C’est ainsi qu’est sorti des fonds baptismaux, à Maputo, sous l’égide des chefs d’Etats africains, le Protocole à la Charte africaine des droits de l’homme et des peuples relatif aux droits de la femme. L’Afrique sonnait alors le glas du confinement de la femme dans la sphère des seconds rôles. Cet instrument juridique inédit est venu matérialiser, de façon particulière, les idées qui avaient longtemps été exprimées à travers le Plan d’Action de Lagos en 1980, la Journée internationale de la femme africaine et plusieurs autres outils juridiques comme la Convention sur l’élimination de toutes formes de discrimination à l’égard des femmes (CEDEF) et les Pactes internationaux relatifs aux droits civils et politiques, ainsi qu’aux droits économiques, sociaux et culturels.

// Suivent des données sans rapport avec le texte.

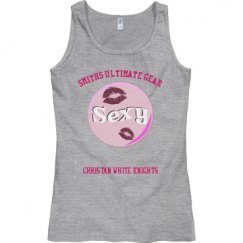 Ladies Semi-Fitted Basic Promo Tank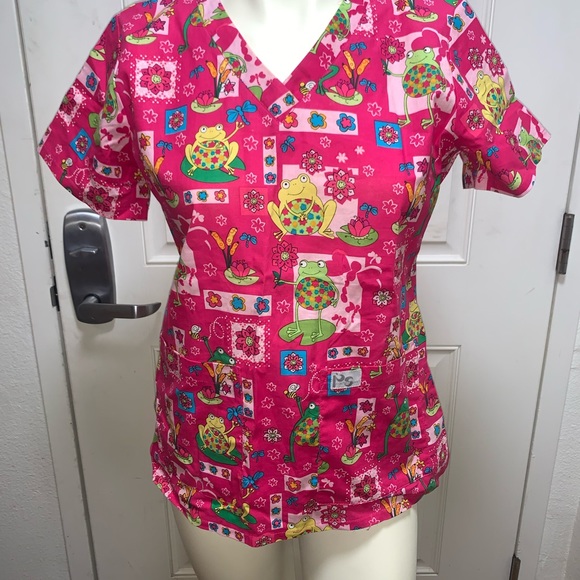 Life and PS scrubs - Picture 3 of 3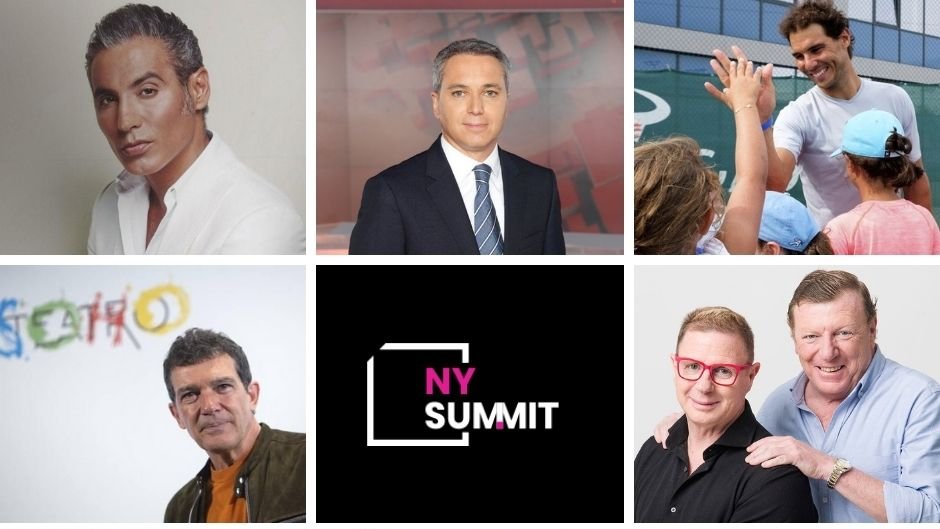NewYorkSummit's tweet photo. 🥳 Cuenta regresiva para la Gala #NYSummit
🔝 Mira la lista completa de los sensacionales premiados
➡️ https://t.co/oSuterEkLe
#NYS #NYS2021 #Evento #AWARDS #NewYorkSummit #Gala #Premios #ny https://t.co/xKSHSOuLLp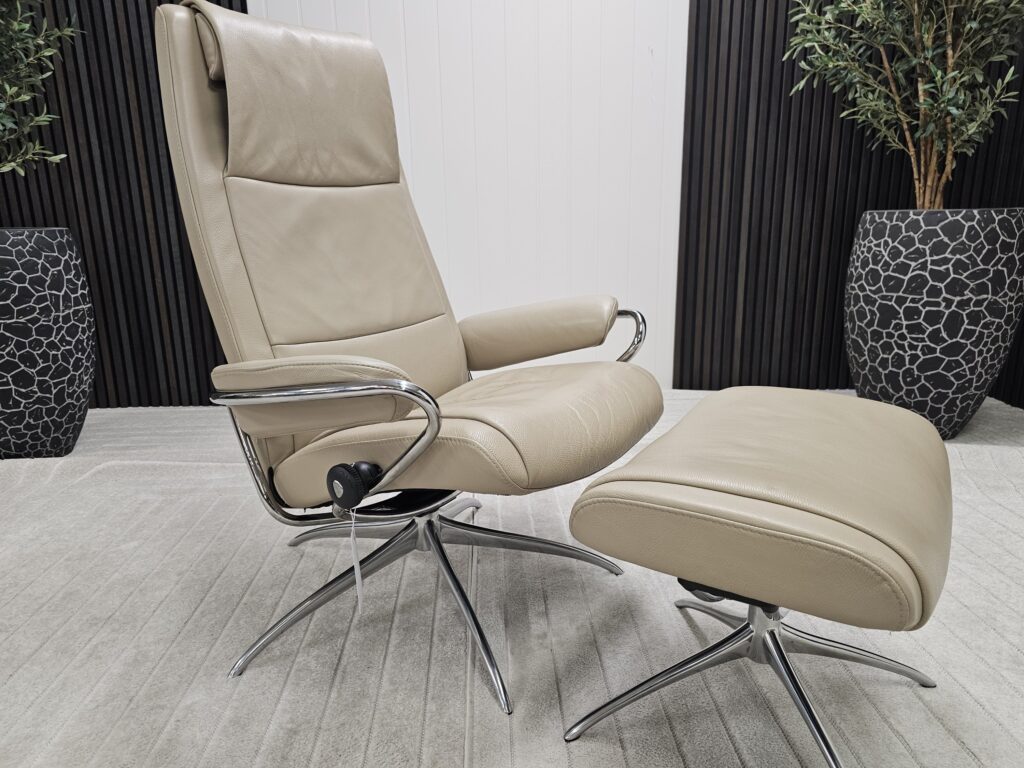 Stressless® Paris lenestol m/krakk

Malgré quelques remous que sa ratification a suscitée dans certains pays , (1) le Protocole de Maputo a été un objet de joie et de réjouissance. Non seulement pour les nombreuses associations féminines qui se sont battues pour la reconnaissance des droits de la femme, mais aussi pour ceux qui ont la conscience de l’approche genre, dont les jeunes. C’est ainsi que nous allons, dans les lignes qui suivent, dire en quoi ce protocole est un faisceau d’opportunités. Non pas uniquement pour les femmes, mais pour l’ensemble du continent africain qui, aujourd’hui, a besoin d’entrer dans la nouvelle dynamique de l’approche genre pour faire décoller le développement tant économique que politique que prône des initiatives comme celle du NEPAD.

Il faudrait, selon nous, toute une éternité pour dire ou pour égrener le chapelet de toutes les fenêtres d’opportunité qu’ouvre ce Protocole. En effet, chacun des 32 articles qu’il comporte peut faire l’objet d’une intense exégèse. C’est pourquoi nous ne pouvons que dire de façon succincte ce que nous pensons de la place cardinale et centrale du Protocole.

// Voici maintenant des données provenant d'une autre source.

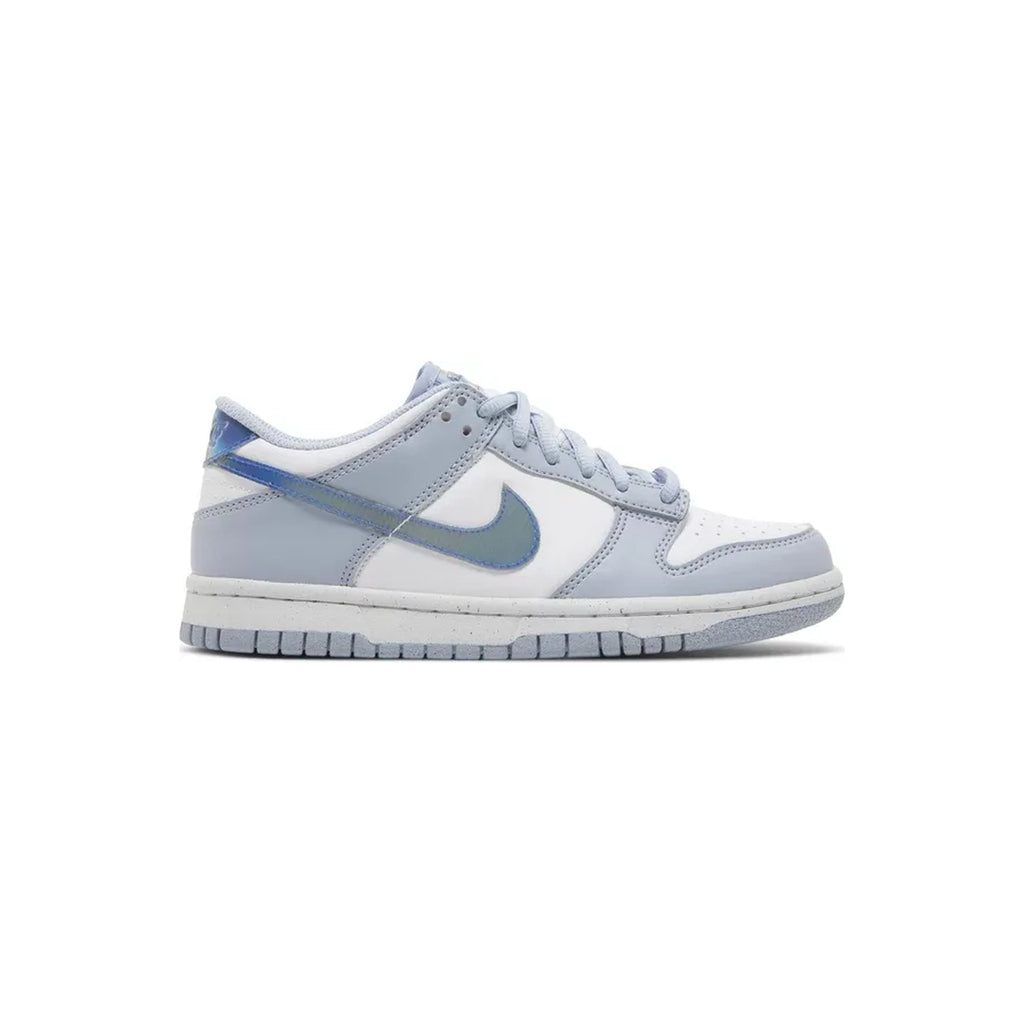 Nike Dunk Low Next Nature GS 'Blue Whisper Lenticular'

LA DECONSTRUCTION DU MYTHE DE L’HOMME SUREVALUE

Comme le remarquait la juriste Camerounaise Diffo Tchunkam, dans une conférence lors de la Journée Internationale de la femme africaine, le 31 juillet 2009, les « Droits des femmes sont perçus par la société comme étant des droits de seconde génération, des droits mineurs dont on peut se passer. » (2) Cette conception, qui a longtemps eu la primauté dans les sociétés africaines, a fossilisé dans les esprits de plusieurs l’idée d’une supériorité de l’homme, sans qui rien n’est possible. Ce qui a permis au paradigme de l’hégémonie masculine (3) de prospérer. « Parler de l’homme, c’était parler de l’humanité toute entière et de façon neutre comme si le signe distinctif ou générique n’avait pas de distinction sur les descriptions objectives. », souligne Norberto Inda.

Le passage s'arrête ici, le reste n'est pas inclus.